I'm in the same boat
whats the deal i'm looking at 6 speed models
I hear cam seals maybe head gasket
front rotors and cv boots go bad and what not but clue me in as well please I used to deal with corrado's all the time will this be as bad?


----------



## EK20 (Sep 28, 2004)

*Re: (AceOfSpades)*

Maintenance shouldn't be bad if you're handy with tools or know techs that like doing side work for way cheaper then the dealer would charge.
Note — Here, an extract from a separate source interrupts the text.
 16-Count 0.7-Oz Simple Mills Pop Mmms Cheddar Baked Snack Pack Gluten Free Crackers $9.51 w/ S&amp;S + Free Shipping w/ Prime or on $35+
I'm the latter, knowing several techs at various Audi and VW dealers. http://****************.com/smile/emthup.gif


----------



## onedropper (Sep 15, 2008)

*Re: (EK20)*

well, for various reasons, my wife and i decided to pass on the car. 
if anyone's looking for a great deal on a 2.7t with low miles, the car is in ft. lee, nj about a half mile from the george washington bridge at a used car dealer called 'cars 4 u.' 
i found a craigslist ad:
http://newjersey.craigslist.or....html 
fyi, when i was looking at the car, it was listed for $9475.


----------